London: The oil market doomsayers are beginning to capitulate.

Speculators reduced bets on falling prices to the lowest level in 11 months as oil briefly breached $50 a barrel on signs supplies are coming into balance.

Crude climbed 7.4 per cent this month in New York amid lower US production and unplanned disruptions in Canada and Nigeria. Prices are up almost 90 per cent since February. Money managers’ short position in US benchmark crude reached the least since June, according to data from the Commodity Futures Trading Commission.
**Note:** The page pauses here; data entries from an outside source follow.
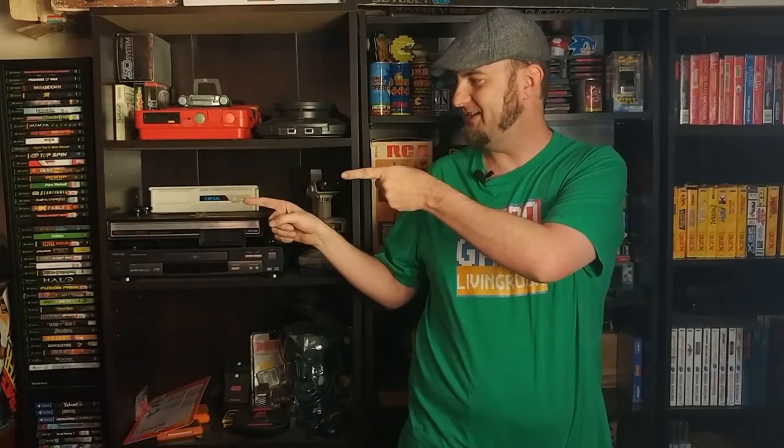Hello and welcome to this episode of Retro Game Living Room. Today we're going to be taking a closer look at an odd electronic game from the 90s. This is Laser Tennis by Tiger Electronics. And this here is Zach who's going to be playing the game with me and he's going to be on the channel, so stick around.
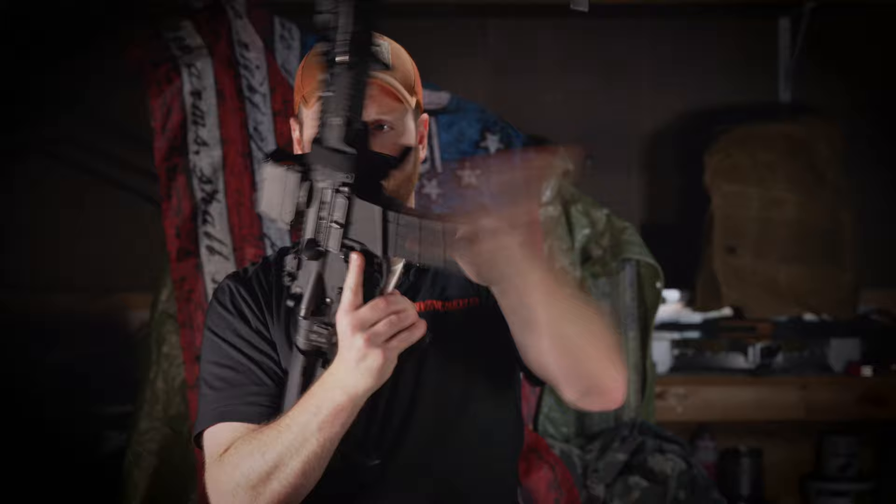Until I got into owning braced AR pistols, I never really understood the value or the purpose of the Law Tactical Folder. But then, with the addition of certain products specifically made for it, like this Vertex backpack, you're able to quickly deploy a potent, much more effective in terms of range weapon than your normal CCW, and all in a very transportable, very portable package.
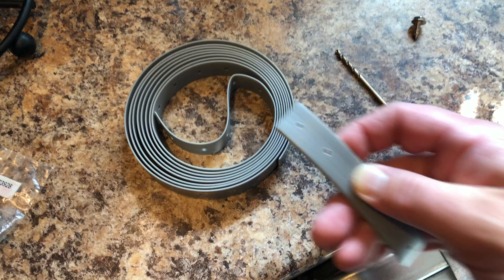Alright guys, this project turned out really well. It was a fairly simple repair, but you have to be really careful when taking on a project like this, especially when you're working with parts that are not serviceable.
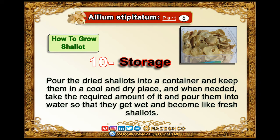Pour the dried shallots into a container and keep them in a cool and dry place. When needed, take the required amount and pour them into water so that they get wet and become like fresh shallots.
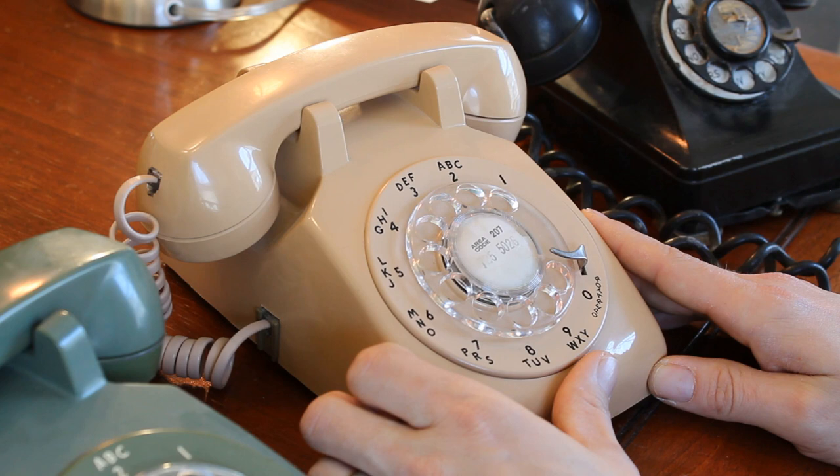Once you have the phone, you have this number that's not yours. And wouldn't it be fun to have your own telephone number in an old phone, while at the same time keeping that authentic look?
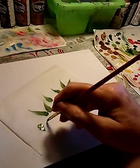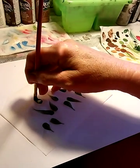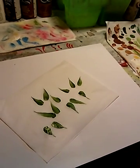So it doesn't matter which direction — one is just going to naturally have a flow to it that the other doesn't.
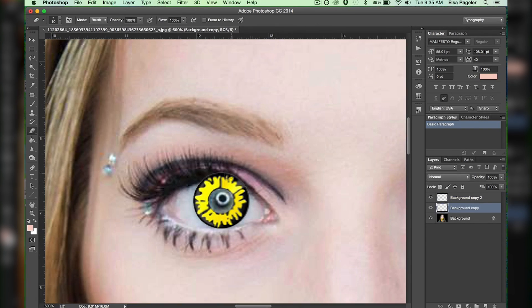Next I grab my eraser tool and make sure that it's set to a very low hardness, and I start very carefully erasing that contact lens anywhere where it would be underneath my lids on top and bottom.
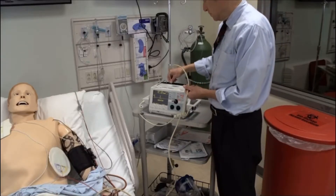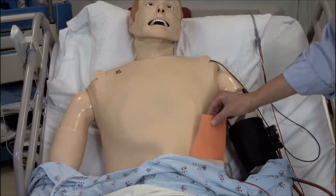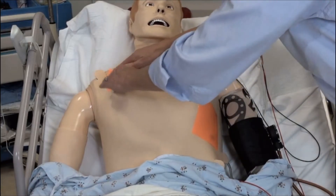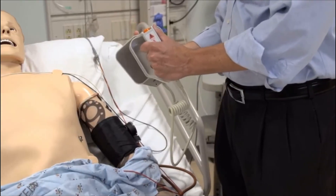Attach the defibrillation cables from the pads to the defibrillator. If using paddles, you must place conducting material between the paddles and the chest to avoid skin burns. Use either a conducting gel sheet or liquid gel that you place on the paddles.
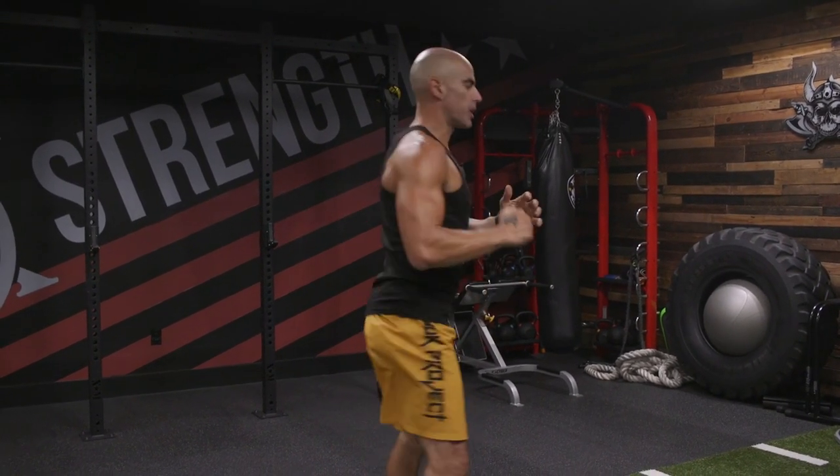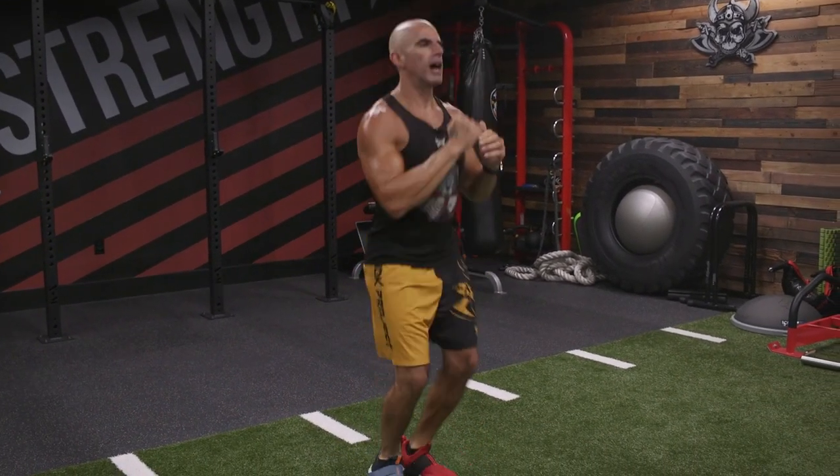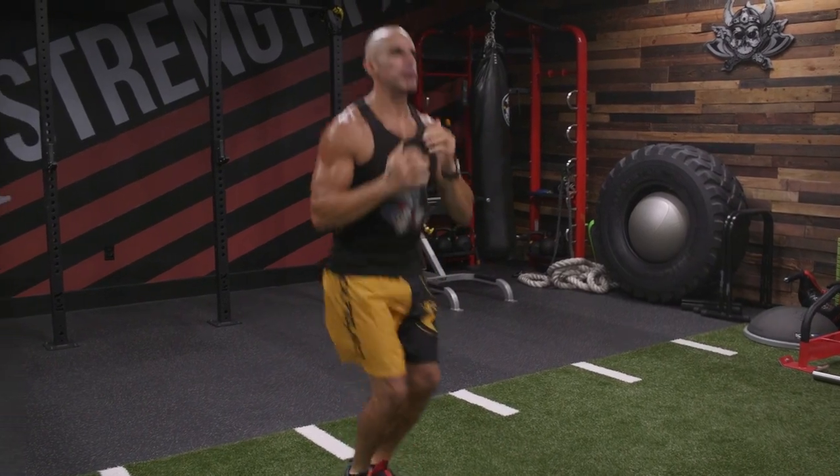We do a power squat with a quarter turn. Feet start together — pop, pop, we're going to drop to the left. Pop, pop, drop to the right. Power squat, quarter turn. Drop here to a full, deep squat. It's a power squat with a quarter turn.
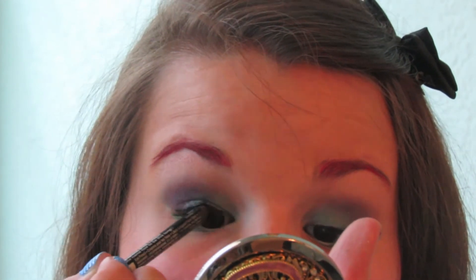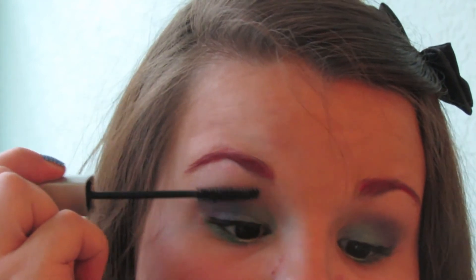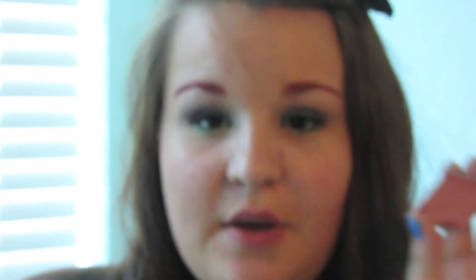Now I'm singing Part of Your World in my head! To add a little definition, I'm doing a black liquid liner on the top lash line. This is the Stila Stay All Day waterproof liquid liner, which is my all-time favorite — it's a felt tip and literally stays until you take it off, which even then is hard to remove. I'm doing a very simple line — and I'm not doing a wing because I suck at wings.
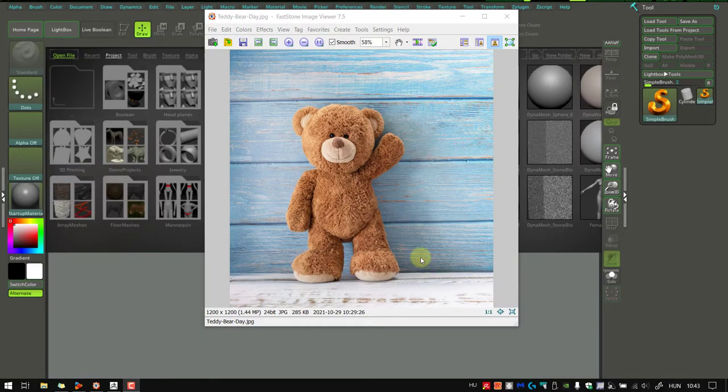Okay, hi there, Mark Sajan. We will create now a teddy bear-like figure. So just as a reference, I will not follow this strictly, but just having an idea what we'll do.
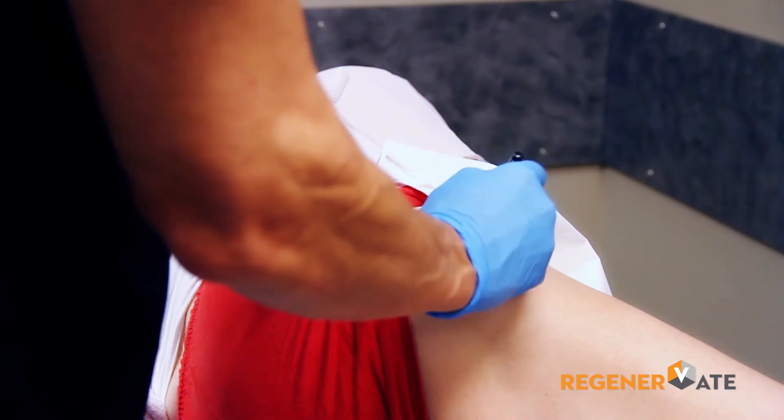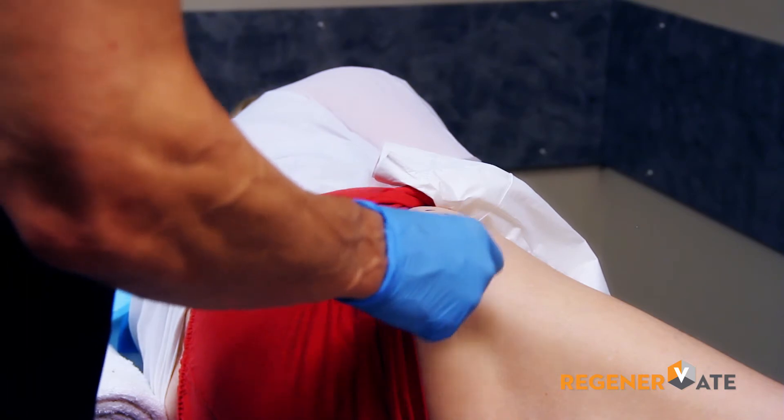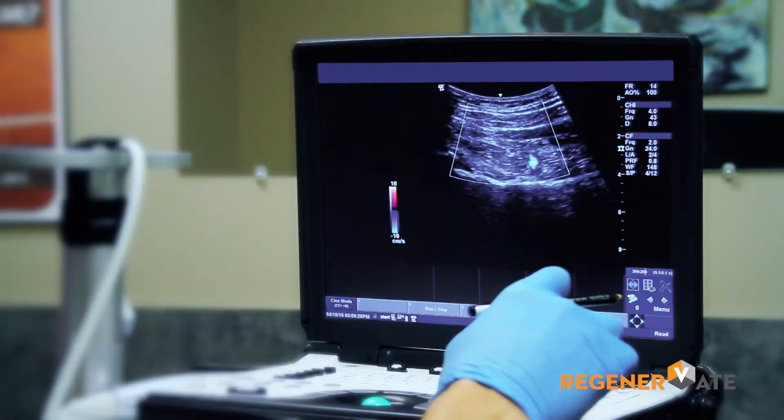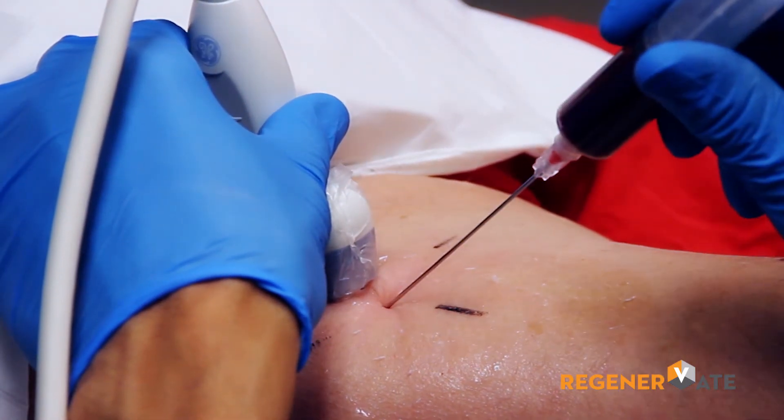Once we have platelet-rich plasma ready, we focus on the patient in terms of marking the target area using ultrasound guidance. Once we have our target area mapped out, we guide the needle in again under ultrasound guidance and we inject.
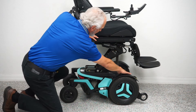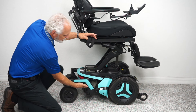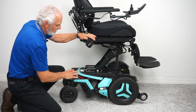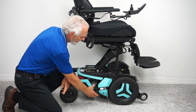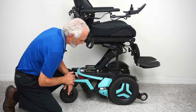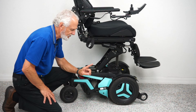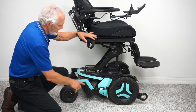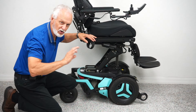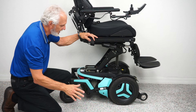This chair also has anchor points here and here for securing the chair during transport — you have four of those around the chair. You also have a motor for each wheel. You can't see the motor because it's behind the plastic fender, but you can see the neutral lever right here. This motor is connected directly to the hub — there's no chain, no belt — so it's very dependable and very quiet.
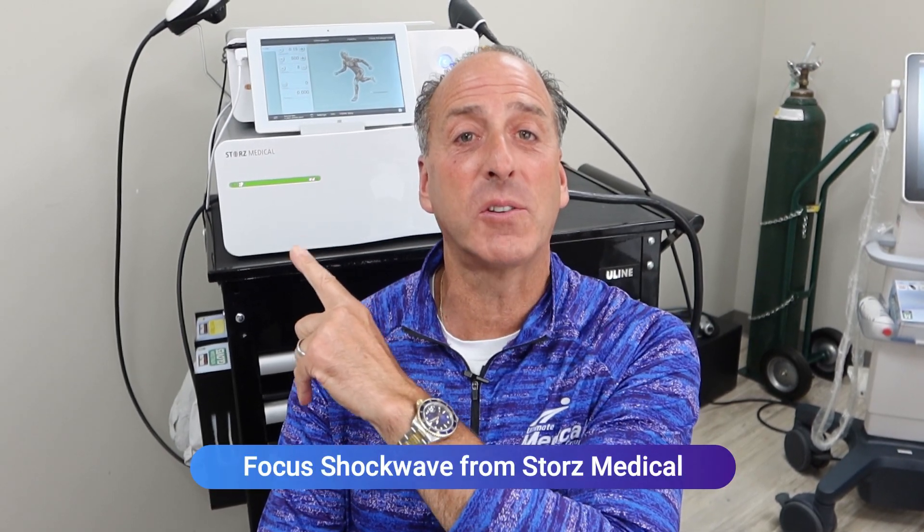Hey there, it's Dr. Camisa. Welcome back to our video series. Today I've got some great stuff to share with you about Focused Shockwave from Stortz Medical. If you're new to our channel, hit the subscribe button, share us with your friends, turn on your notifications — I've got lots to share.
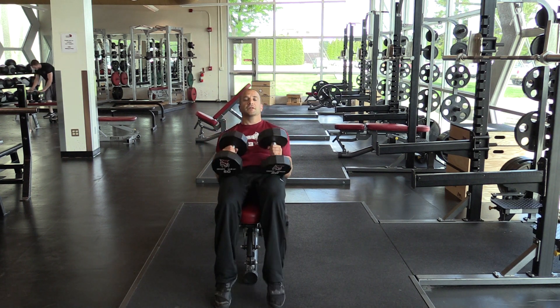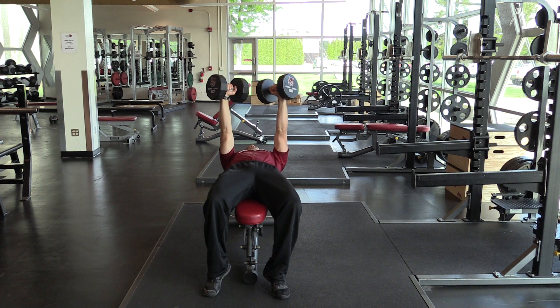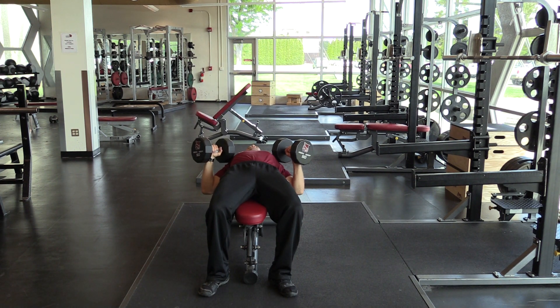For the dumbbell bench, I'm going to select an appropriate weight, lay it back, extend both dumbbells, then bring both dumbbells simultaneously down. You'll notice they're at about a 45 degree angle to my body, close to my chest.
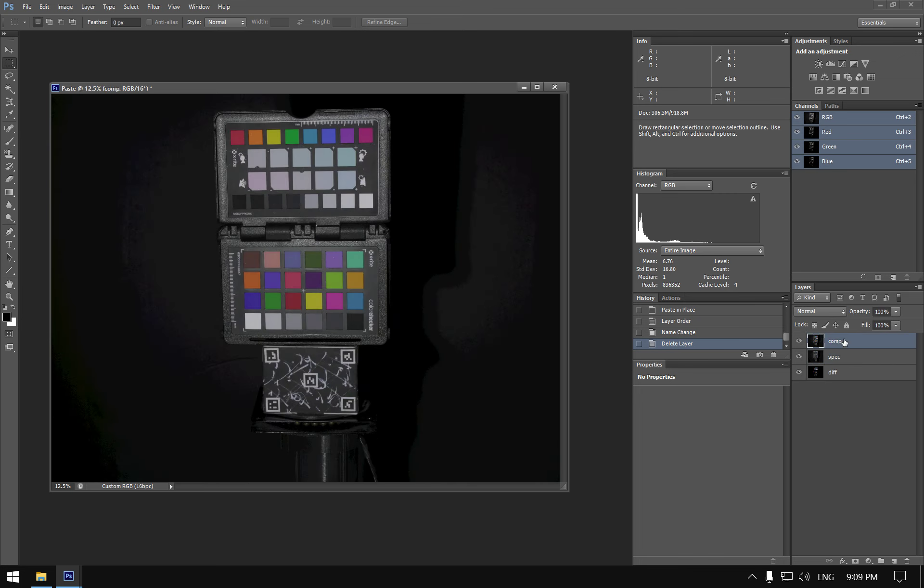Now we have our diffuse, our specular, and our composited image. These can be used for photo referencing when doing rendering and look dev.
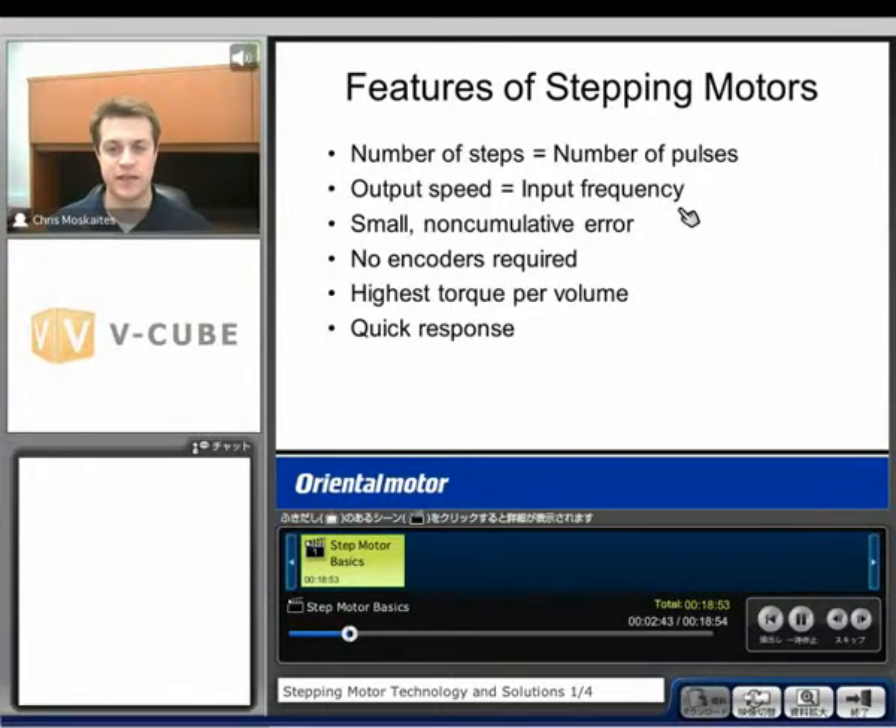Another very important feature of a step motor is that it has small non-cumulative error. We discussed the worst case of three arc minutes, but it's very important to notice that it's not going to accumulate. So whether I make one step or a million steps, the most that I can be off is that three arc minutes. Step motors are also designed to be run open loop — we don't need any encoders, we don't need to close that loop if we don't want to, which could be a big cost savings. As long as we size them properly, they'll make the move that we tell them to.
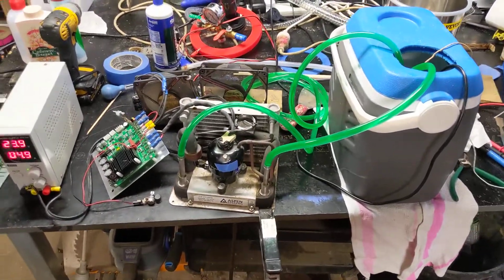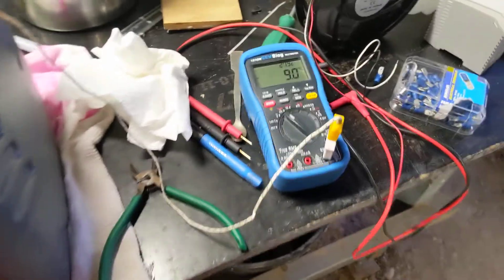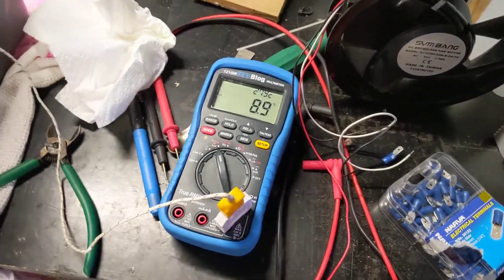This all looks to be working pretty well. It's been running for about half an hour now, started at 30 degrees and it's now down to 8.8.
“If you’ve been short since February this has been a very painful ride,” said Kyle Cooper, director of research with IAF Advisors and Cypress Energy Capital Management in Houston. “There are always a few die-hards but otherwise you’d want to get out. This is indicative of the improving fundamentals.”

West Texas Intermediate futures rose 0.6 per cent on the New York Mercantile Exchange during the CFTC report week, and closed at $49.33 on Friday.

Oil has surged amid a spate of disruptions. Nigerian crude output has dropped to the lowest level in 27 years as militants increased attacks on pipelines in the Niger River delta. Fires that began early May in Fort McMurray shut about 1.2 million barrels a day of production in Canada’s oil-sands region.

Market Balance

Analysts from the International Energy Agency to Goldman Sachs Group Inc. say the crude glut is dissipating as supply and demand move back into balance. Goldman increased its 2016 forecast for WTI to $44.60 a barrel, from $38.40 in a report dated May 15.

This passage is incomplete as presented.